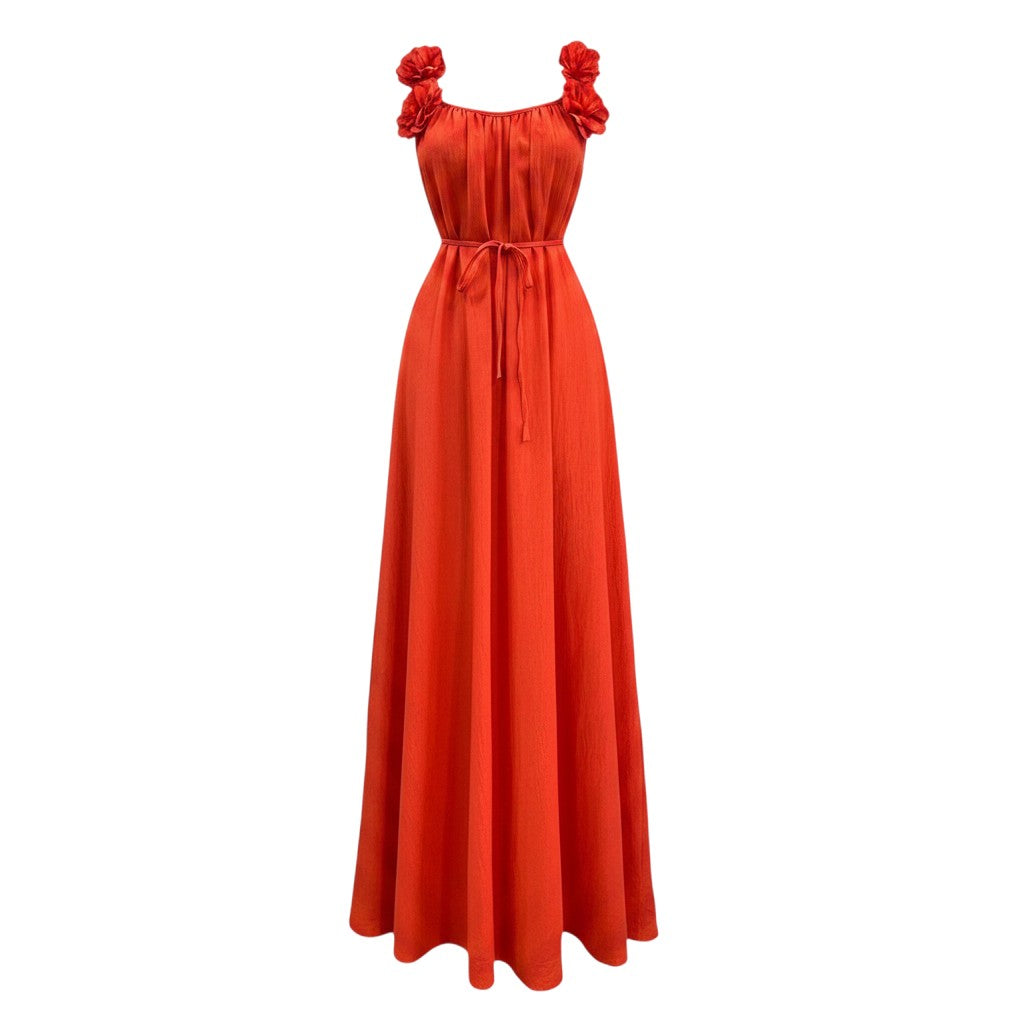 Orange Floral Strap Maxi Dress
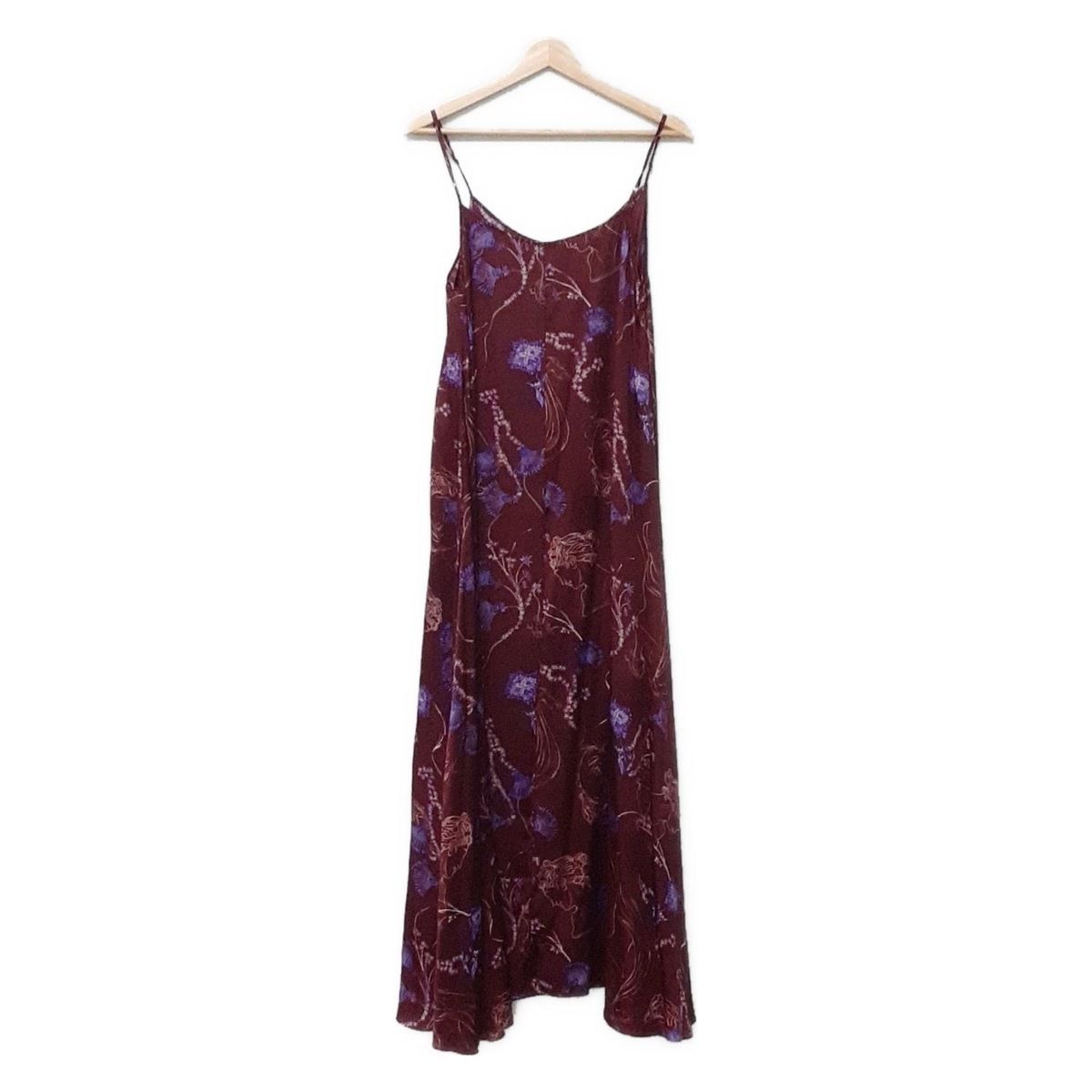 フォルテフォルテ ワンピース サイズ2 M レディース - ダークブラウン×パープル×ライトブルー キャミワンピ|ロング|シルク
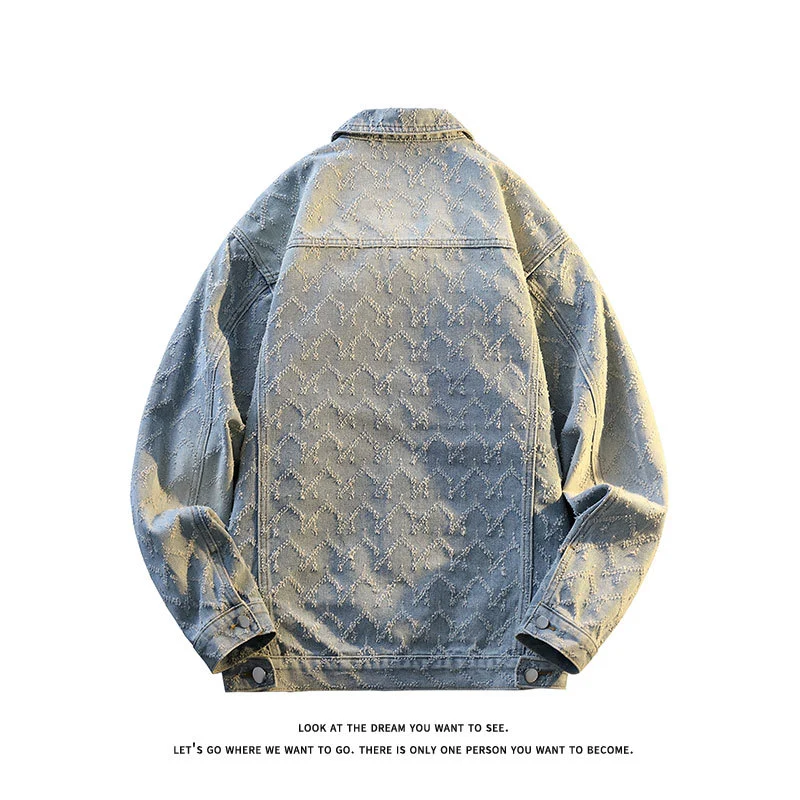 Herren Oversize-Jeansjacke mit gestepptem Allover‑Muster und Brusttaschen Drune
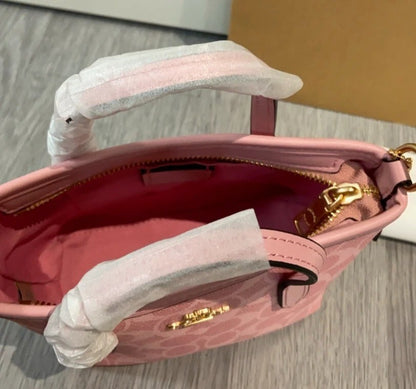 City Mini Tote Bag in Powder Pink Signature Canvas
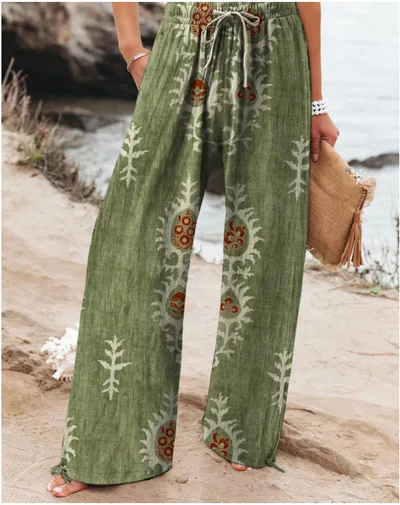 High Waist Casual Loose Wide Leg Pants Nkz057071481 - Shop at LoveMi
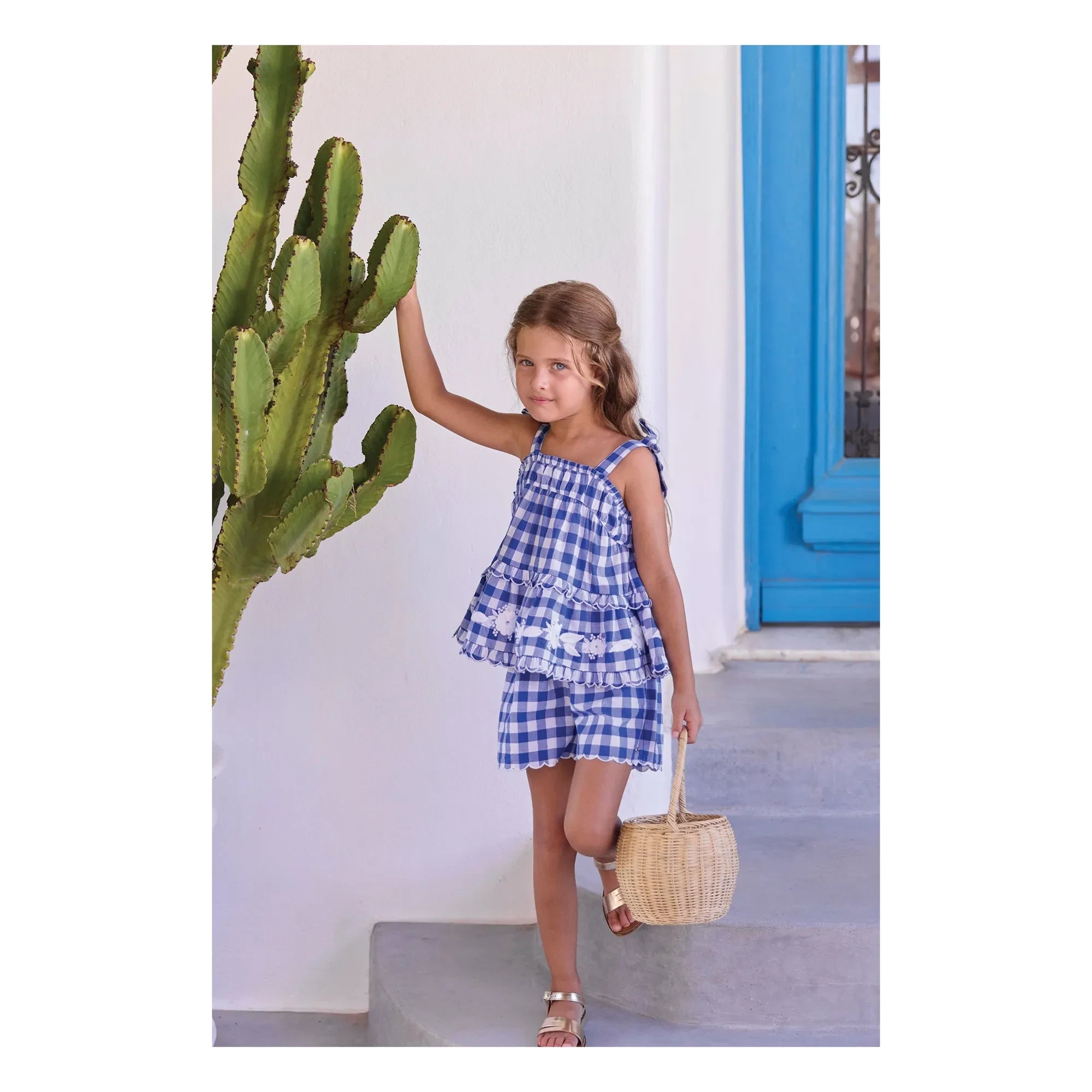 Tartine et Chocolat - Embroidered Top and Checked Shorts Set | Royal Blue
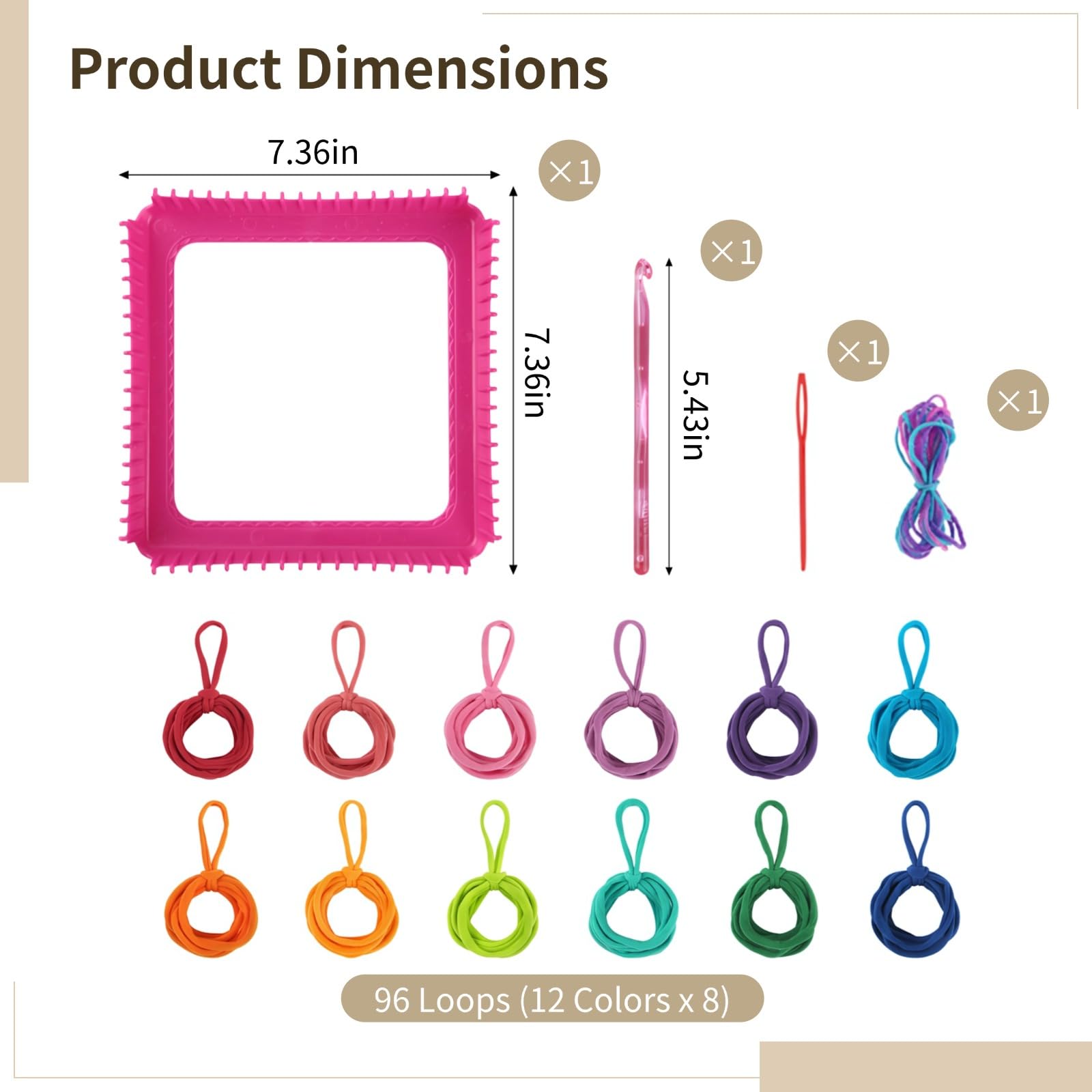 Vestamore Webrahmen-Set, Bastelset für Kinder, 97 Teile, mit 96 elastischen Schnüren in 8 Farben, Topfhalter-Set mit Häkelnadel, Bastelspielzeug, 18,8 x 18,8 cm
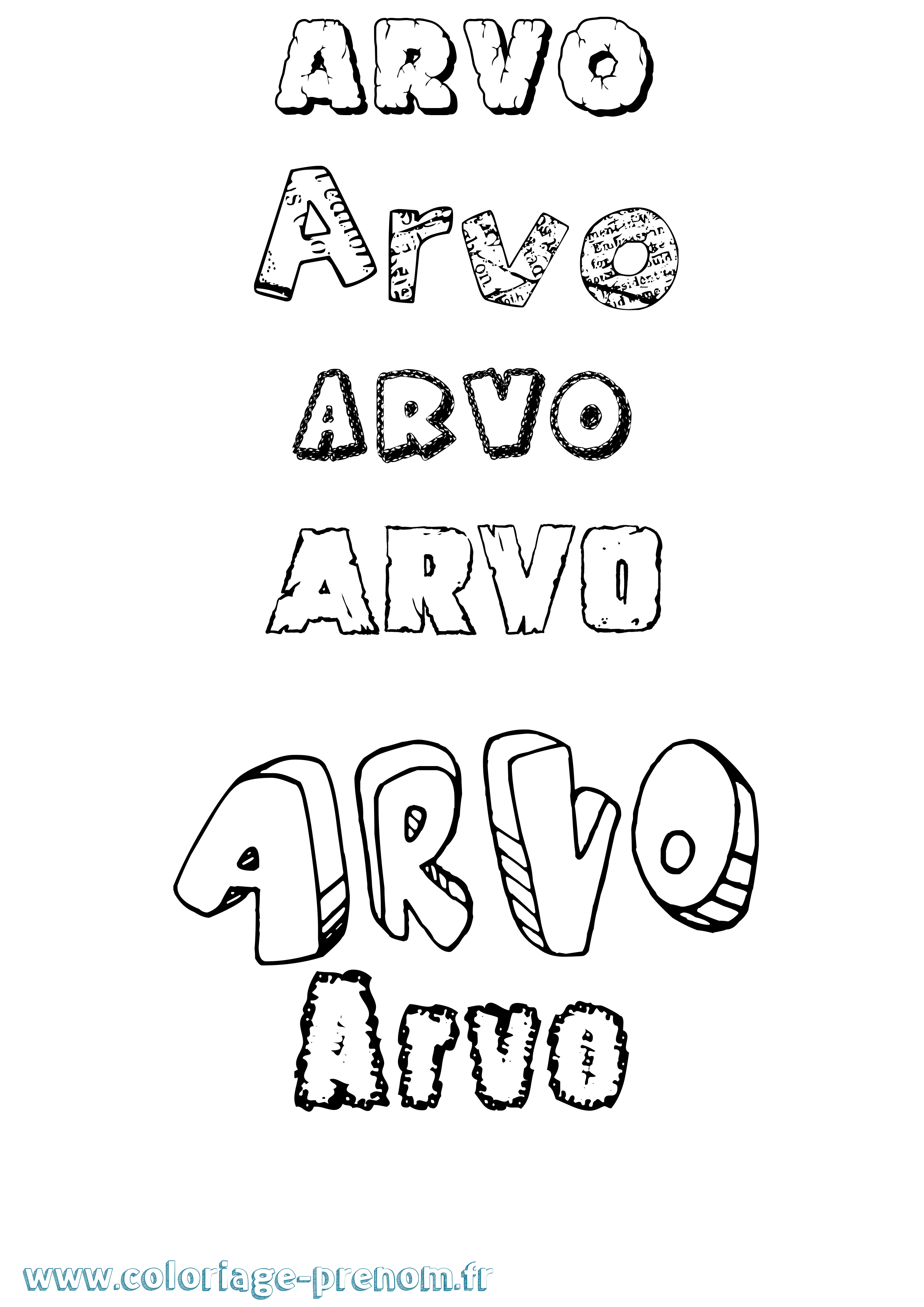 Coloriage prénom Arvo Destructuré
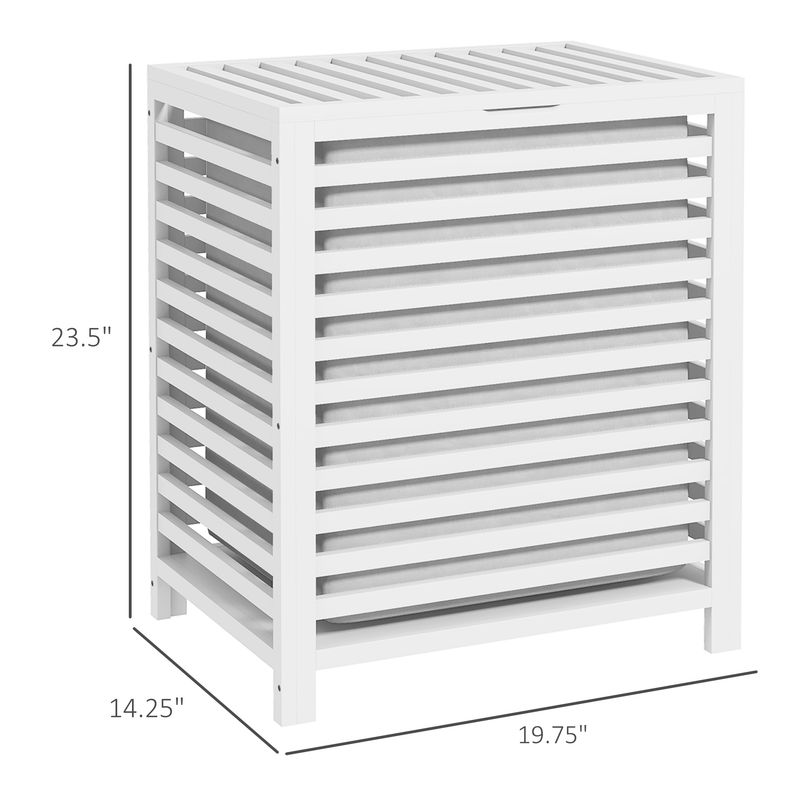 HOMCOM Bamboo Laundry Hamper with Lid, Laundry Basket with Removable Liner Bag, Dirty Clothes Hamper, 19.75 x 14.25 x 23.5 Inches, White_voghion.com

▸ **EXERCISE BRIEF**:
Return the data above unchanged. Pictures are not part of the copy.

▸ **EXERCISE SOLUTION**:
 Orange Floral Strap Maxi Dress
 フォルテフォルテ ワンピース サイズ2 M レディース - ダークブラウン×パープル×ライトブルー キャミワンピ|ロング|シルク
 Herren Oversize-Jeansjacke mit gestepptem Allover‑Muster und Brusttaschen Drune
 City Mini Tote Bag in Powder Pink Signature Canvas
 High Waist Casual Loose Wide Leg Pants Nkz057071481 - Shop at LoveMi
 Tartine et Chocolat - Embroidered Top and Checked Shorts Set | Royal Blue
 Vestamore Webrahmen-Set, Bastelset für Kinder, 97 Teile, mit 96 elastischen Schnüren in 8 Farben, Topfhalter-Set mit Häkelnadel, Bastelspielzeug, 18,8 x 18,8 cm
 Coloriage prénom Arvo Destructuré
 HOMCOM Bamboo Laundry Hamper with Lid, Laundry Basket with Removable Liner Bag, Dirty Clothes Hamper, 19.75 x 14.25 x 23.5 Inches, White_voghion.com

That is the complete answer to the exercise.